-- Your task --
Could you copy the data that follows exactly as written, but drop the pictures?

-- Collected material --
::::::
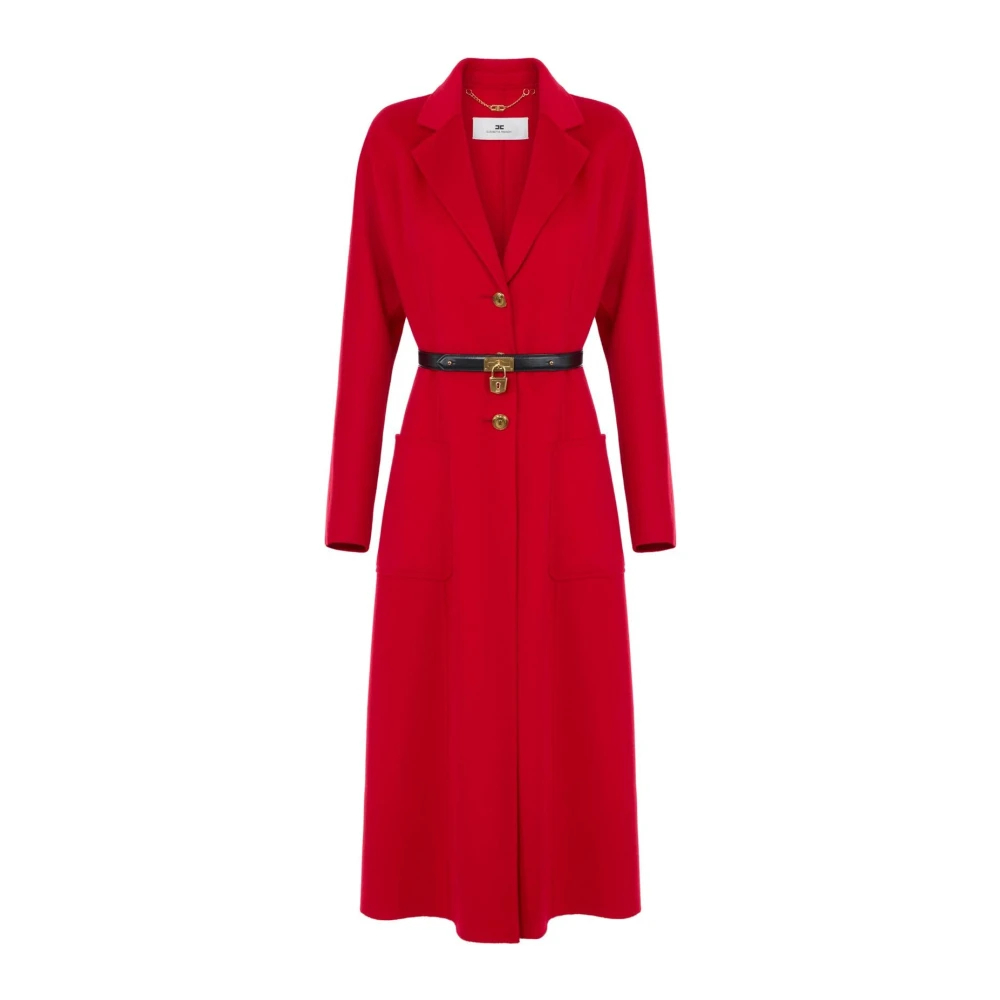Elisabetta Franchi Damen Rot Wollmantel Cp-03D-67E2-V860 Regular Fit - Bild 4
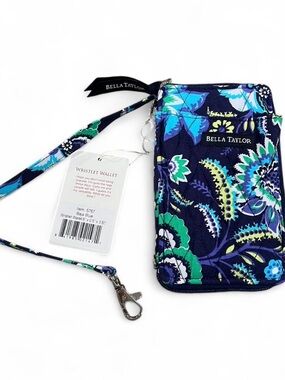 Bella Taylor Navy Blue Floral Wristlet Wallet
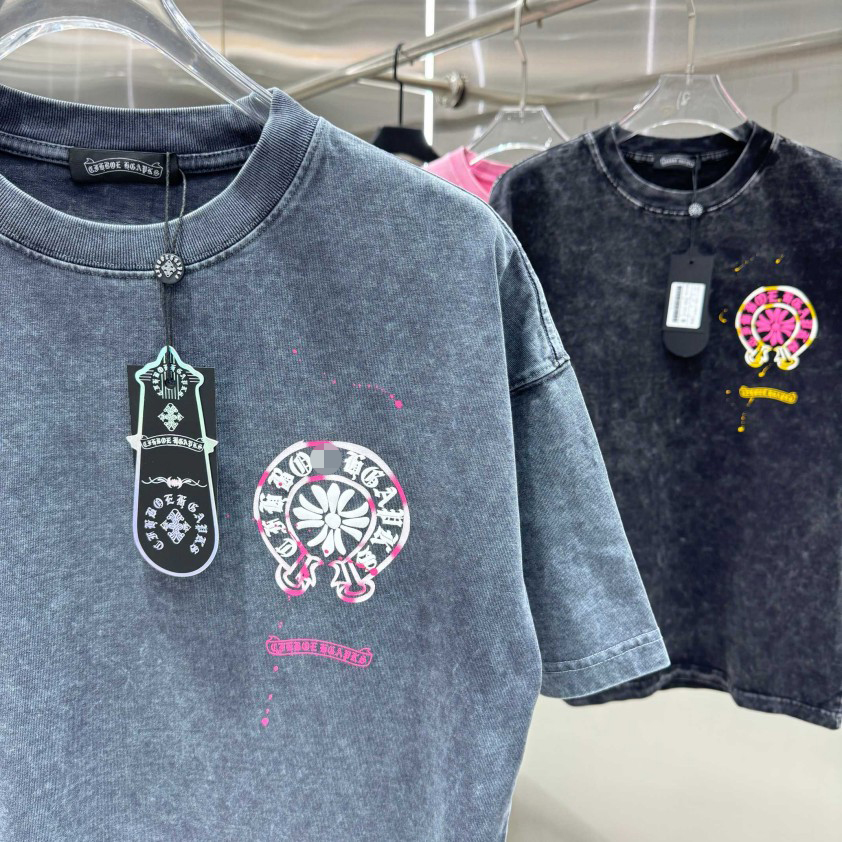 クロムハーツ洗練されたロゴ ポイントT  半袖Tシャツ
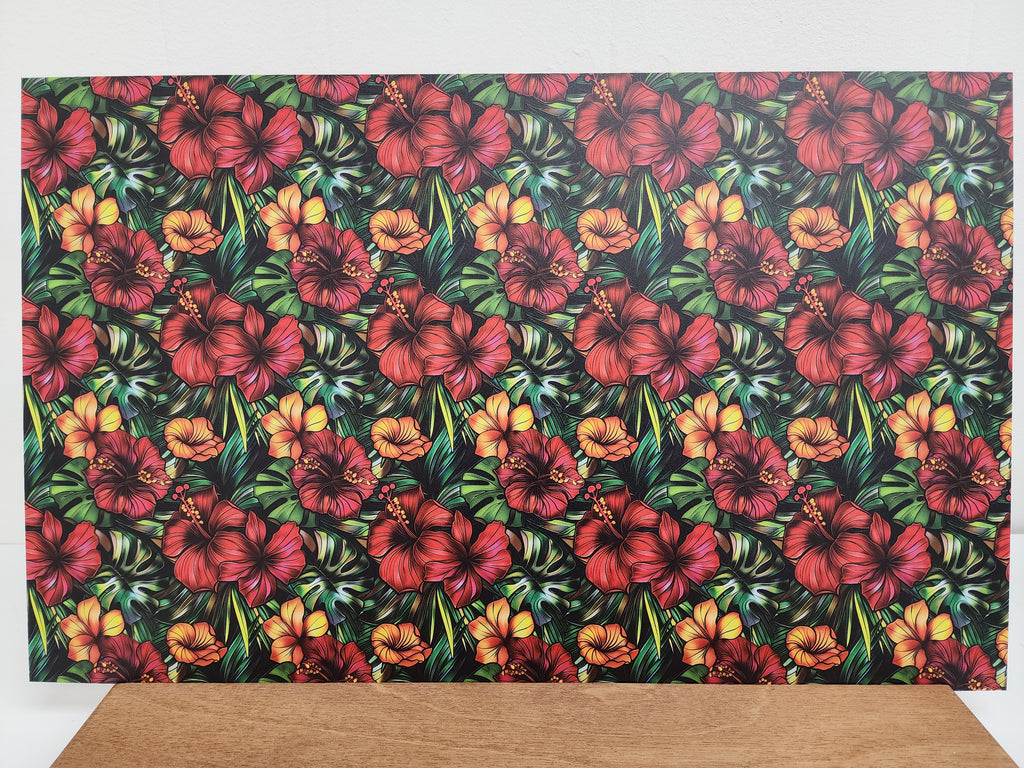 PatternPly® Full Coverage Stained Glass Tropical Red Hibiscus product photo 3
::::::
-- Output of the task --
Elisabetta Franchi Damen Rot Wollmantel Cp-03D-67E2-V860 Regular Fit - Bild 4
 Bella Taylor Navy Blue Floral Wristlet Wallet
 クロムハーツ洗練されたロゴ ポイントT  半袖Tシャツ
 PatternPly® Full Coverage Stained Glass Tropical Red Hibiscus product photo 3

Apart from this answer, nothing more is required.